With Google already the subject of several antitrust probes, the stakes have been upped by allegations that the search giant has been colluding with Facebook over advertising.
Court documents obtained by the New York Times reveal further details of what state attorneys generals, led by Texas’ Ken Paxton, are calling an illegal price-fixing deal, known as Jedi Blue.
Under the deal, it’s alleged, Facebook agreed to drop a plan to change the way it sold online advertising and instead support Google’s Open Bidding platform.
Unlike header bidding, whereby ad space is auctioned across multiple ad exchanges, the Google platform is claimed to offer faster load times and better security.
“Header bidding auctions take place within the browser, on your computer or mobile phone, so they require the device to use more data in order to work,” says Adam Cohen, Google’s director of economic policy, in a blog post.
Quid pro quo
However, as a result of the deal, Facebook apparently gained more time to bid for ads, and was able to strike direct billing deals with websites. It also got more insight into consumers.
In return, it’s said, Facebook agreed to bid on at least 90 percent of ad auctions when users could be identified, with a minimum spend of $500 million.
Other ad partners have told the New York Times that they didn’t get the same terms. However, Cohen denies there was preferential treatment.
“AG Paxton inaccurately claims that we manipulate the Open Bidding auction in [Facebook Audience Network] FAN’s favor,” he says.
“We absolutely don’t. FAN must make the highest bid to win a given impression. If another eligible network or exchange bids higher, they win the auction.”
The lawsuit also alleges that Google uses privacy concerns as an excuse to steal a march on its competitors – for example, by cutting off publishers’ user IDs.
And, it suggests, the company is happy enough to violate privacy when, for example, it signed a deal with Facebook that gave it access to millions of Americans’ end-to-end encrypted WhatsApp messages, photos, videos and audio files.
Again, Cohen denies this, claiming the company has strict controls over ad tracking tools like cookies and ad identifiers, and that it’s ‘committed to operating our advertising business in a way that gives people transparency into and control over how their data is used’.
The key to the case
Under Section 1 of the Sherman Antitrust Act, companies are forbidden from striking agreements that ‘unreasonably restrain trade’ – and it’s on this point that the latest lawsuit is likely to hinge.
And certainly, between them, Google and Facebook now have a near stranglehold over the advertising industry. In a report published earlier this month, the non-profit American Economic Liberties Project found that 85 percent of online advertising space is controlled by the pair.
However, Facebook argues that it’s not anti-competitive.
“Partnerships like this are common in the industry, and we have similar agreements with several other companies,” says a spokesperson.

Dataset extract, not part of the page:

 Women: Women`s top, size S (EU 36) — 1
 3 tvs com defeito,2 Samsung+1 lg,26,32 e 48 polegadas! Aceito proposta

Nevertheless, pressure is mounting, with both companies – and Google in particular – already under scrutiny over antitrust issues. Facebook’s in trouble with the Federal Trade Commission and dozens of states for alleged anti-competitive behaviour, while Google’s fighting lawsuits from the US Department of Justice and from numerous states over its control of the search market.
And it’s this DoJ case against Google that may have the best chance of success: it mirrors closely the case against Microsoft in the late 1990s which, though it didn’t bring about the breakup of Microsoft, did result in a settlement.
Google looks set for changes – it’s just a question of how and when.